Maurício Barbosa, bastonário da Ordem dos Farmacêuticos, prof. da Fac. de Farmácia da U. Porto
[1] Não me parece que estejamos nesse ponto. A mortalidade infantil é um indicador de saúde de que o País muito se deve orgulhar e assim deverá manter-se.
[2] É algo recorrente. Antes de mais, é um problema de falta de organização do sistema, que os responsáveis não têm conseguido resolver. O reforço dos cuidados primários de saúde e o melhor aproveitamento das unidades de proximidade, como as farmácias, muito poderão contribuir para um sistema bem mais eficiente.

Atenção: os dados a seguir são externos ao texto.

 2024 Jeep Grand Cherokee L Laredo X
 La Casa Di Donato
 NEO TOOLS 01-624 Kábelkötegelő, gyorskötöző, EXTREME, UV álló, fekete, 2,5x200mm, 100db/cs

Purificação Tavares, médica geneticista, CEO CGC Genetics
[1] É de toda a justiça referir sempre o trabalho pioneiro do Dr. Albino Aroso, e o seu legado importantíssimo em termos de Família, Sociedade e Saúde Pública.
[2] É fundamental reforçar que o atendimento de proximidade, nos Centros de Saúde, tem de ser mais usado por todos, de forma a libertar os centros diferenciados para os casos mais graves.
Paulo Mendo, antigo ministro da Saúde
[1] Claro que não. Trata-se de um programa que teve e tem em vista uma mudança de comportamentos das famílias e das mães e não obriga a nenhuma aumento considerável, e muito menos brutal, das despesas. O país felizmente assimilou esta cultura, graças à excelente execução do programa.
[2] Não houve nenhum entupimento brutal das urgências e internamentos provocado pela gripe sazonal. Trata-se de um fenómeno frequente nesta altura do ano para o qual os serviços estão preparados.